▶ **BRIEF**:
Give back all of the data exactly as it stands, with the pictures removed.

▶ **SOURCE MATERIAL**:
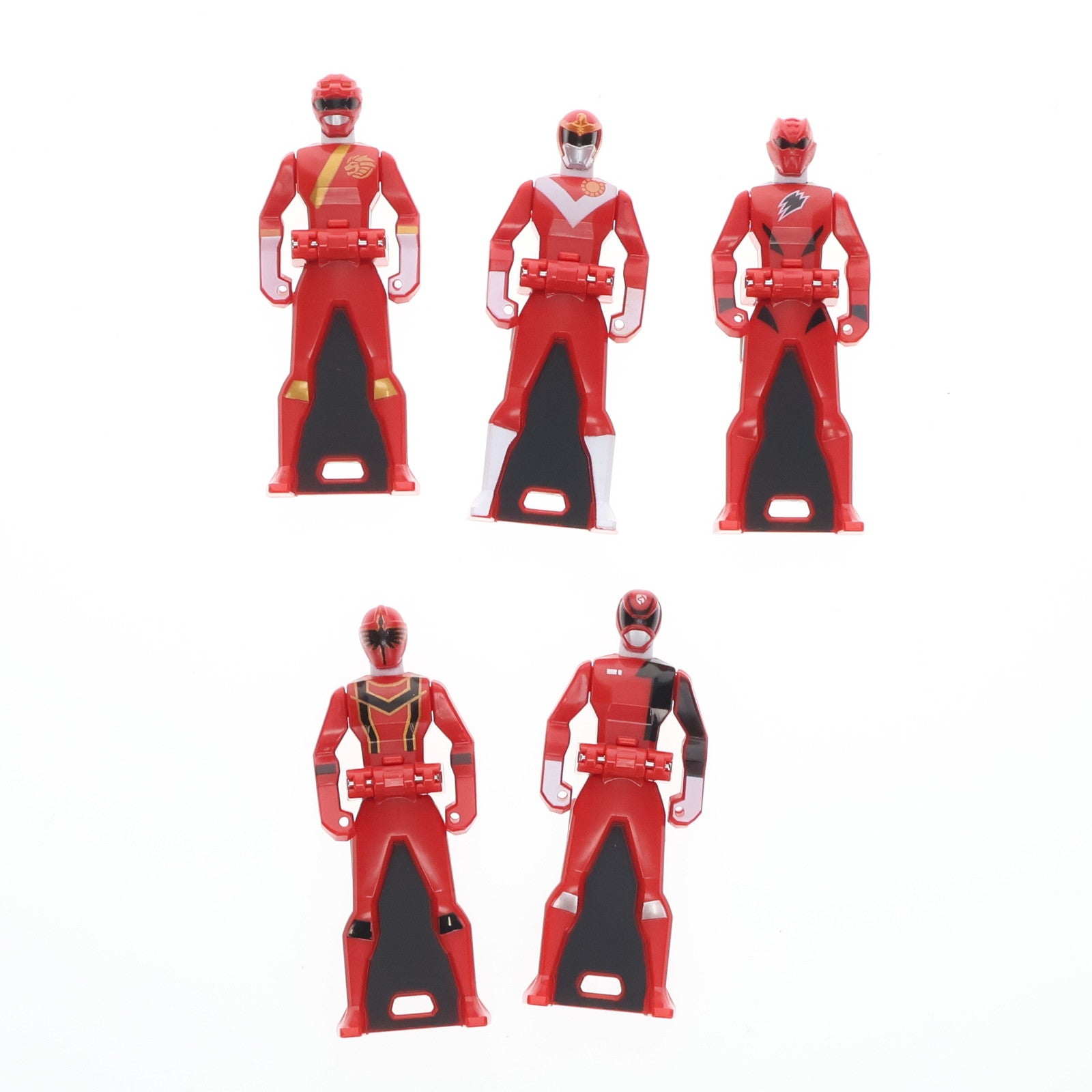 【中古即納】[TOY] レンジャーキーシリーズ レンジャーキーセット01 海賊戦隊ゴーカイジャー 完成トイ バンダイ(20110803)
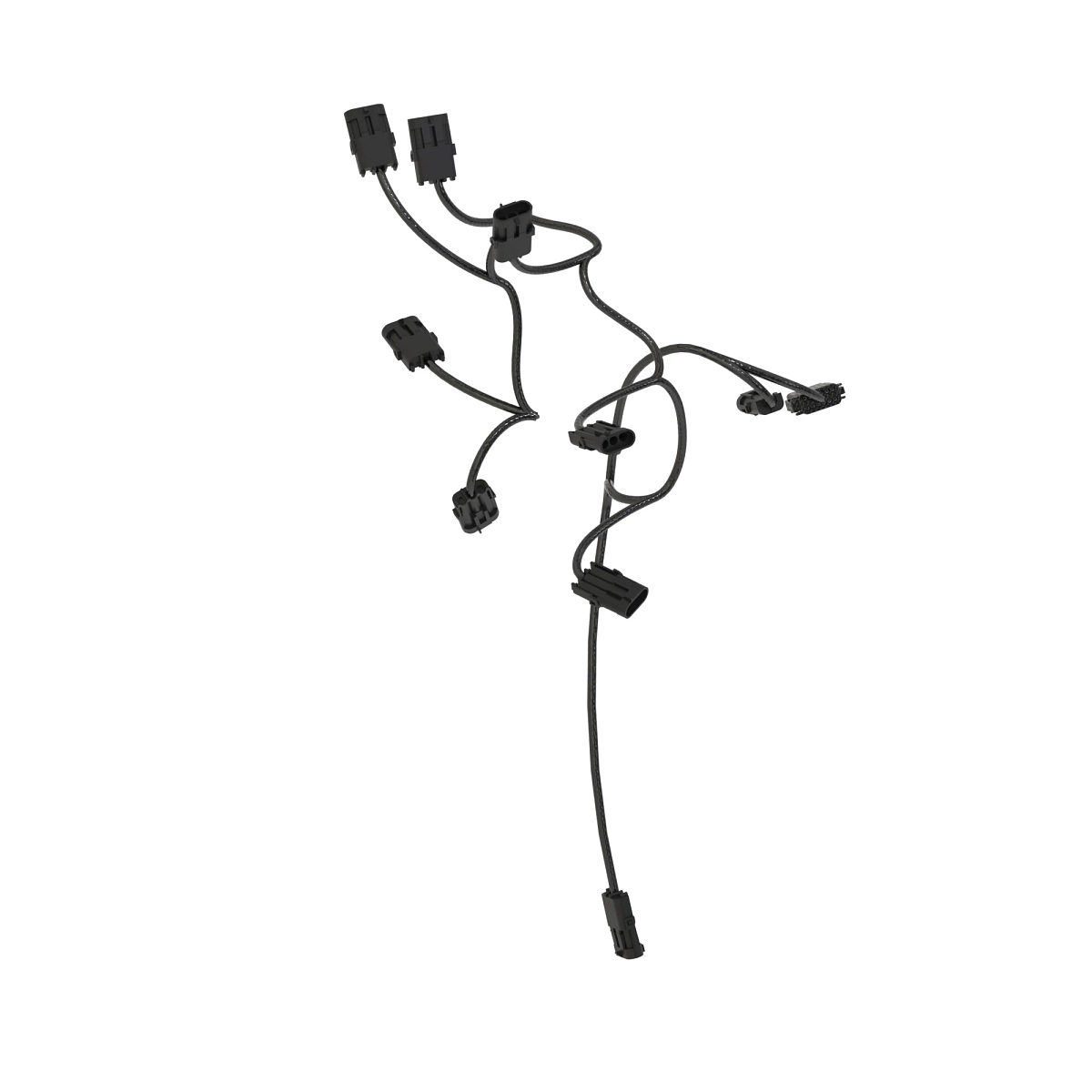 John Deere All Run Seed Blockage Wiring Harness - AA69655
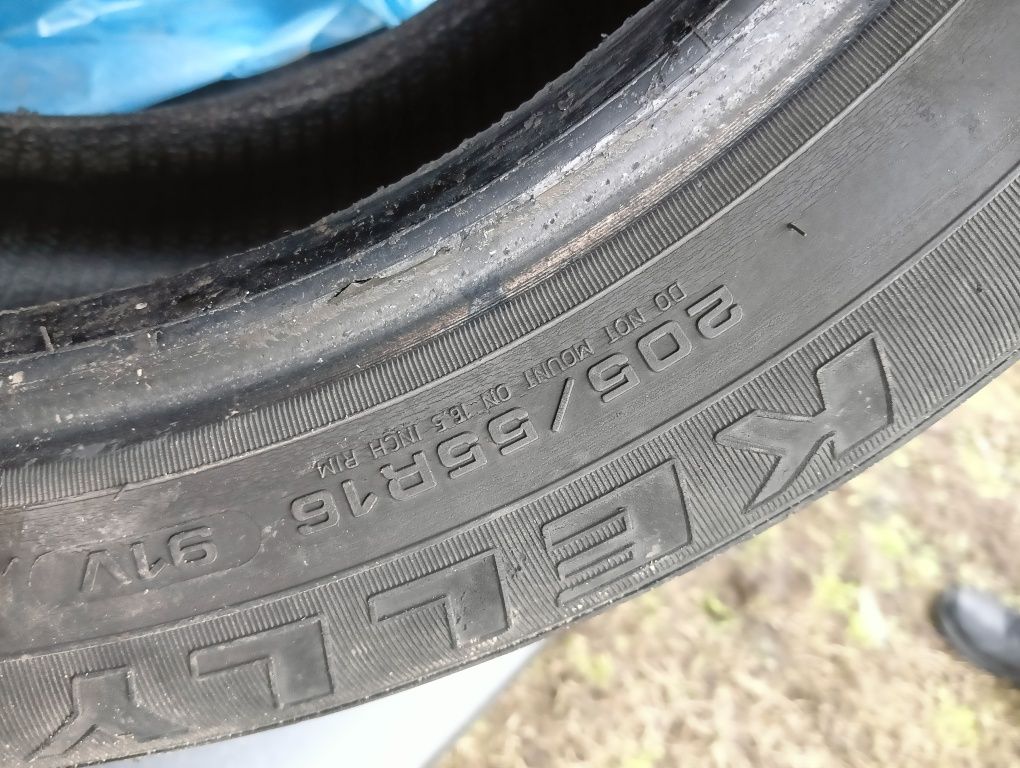 Opony letnie 205/55 r 16  Kelly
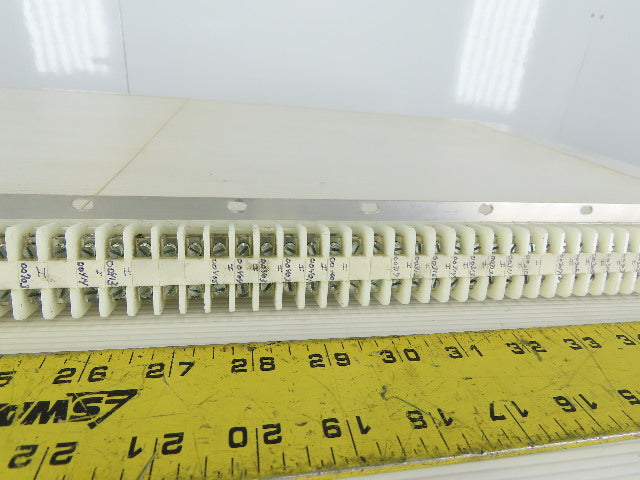 Allen Bradley 1492-F DIN Rail Mount 80+ Terminal Blocks/Strip 300V 22-14AWG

▶ **TASK SOLUTION**:
 【中古即納】[TOY] レンジャーキーシリーズ レンジャーキーセット01 海賊戦隊ゴーカイジャー 完成トイ バンダイ(20110803)
 John Deere All Run Seed Blockage Wiring Harness - AA69655
 Opony letnie 205/55 r 16  Kelly
 Allen Bradley 1492-F DIN Rail Mount 80+ Terminal Blocks/Strip 300V 22-14AWG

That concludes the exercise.